To do: Begin with the line containing "Director, Please (Four" and reproduce it and all later lines exactly, through the last line of the records. Add nothing else.

+++ Data for this exercise +++

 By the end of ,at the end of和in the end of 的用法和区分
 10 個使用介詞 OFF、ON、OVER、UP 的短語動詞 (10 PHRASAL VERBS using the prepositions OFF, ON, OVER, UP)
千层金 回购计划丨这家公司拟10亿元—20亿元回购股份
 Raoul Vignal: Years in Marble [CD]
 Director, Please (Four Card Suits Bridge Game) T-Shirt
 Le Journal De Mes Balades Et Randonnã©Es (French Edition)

+++

Result of the exercise:
 Director, Please (Four Card Suits Bridge Game) T-Shirt
 Le Journal De Mes Balades Et Randonnã©Es (French Edition)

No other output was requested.